CBT sessions can also be used to introduce patients to the behavioral principle of exposure. Patients are informed that if a fear response to sounds occurs, exposure to environmental sounds may be helpful in reducing emotional reactivity. Clinicians and patients then work together to design an exposure and response prevention plan as needed [23]. Patients with sleep hygiene challenges can be educated on healthy sleep habits and realistic goals to apply sleep hygiene practices. Finally, CBT can be used to teach the patients relaxation training (e.g., progressive muscle relaxation, diaphragmatic breathing, and/or guided imagery), with the goal of reducing the negative effects of tinnitus rather than reducing the tinnitus sound itself.

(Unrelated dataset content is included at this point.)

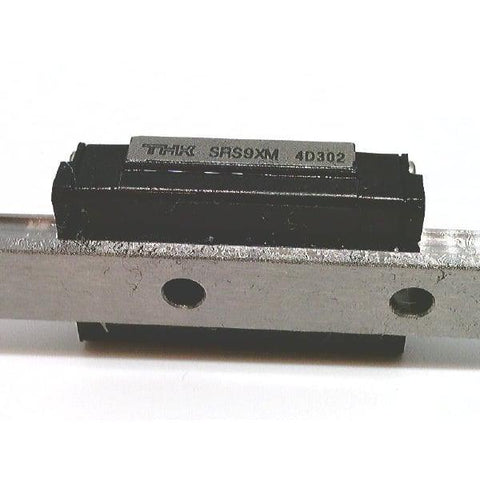 THK made in Japan 9mm Stainless Steel Linear Guideway System 195mm Long with one carriage Truck - VXB Ball Bearings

3.2. Mindfulness-Meditation

Processes that target physiological activity can also help to address the hyperreactivity that hinders the habituation process [13]. Emerging evidence suggests that mindfulness-meditation may be one such process. Across the board, the past decade has produced a burgeoning evidence base on the benefits of mindfulness-meditation based approaches to multiple other conditions [2429]. Mindfulness-meditation trains participants in attention and teaches them to observe sensations, thoughts, feelings, and behavioral urges from an objective nonjudgmental stance [24, 30, 31]. This attentional training further teaches participants to neutrally observe and separate the actual event (e.g., a tinnitus sound) from psychological or cognitive reactions to this event (e.g., an interpretation of sound or distress about it). The most researched form of training in mindfulness is through a structured program of Mindfulness-Based Relaxation Training (MBSR) [30, 32]. MBSR is a method of using meditation and yoga to cultivate present moment awareness and reduce stress. It is based on the ancient practice of mindfulness, which is about waking up and being fully present in the moment. From this stance, patients are able to learn about how their minds work through directly observing their own sensations, thoughts, emotions, and urges to behave.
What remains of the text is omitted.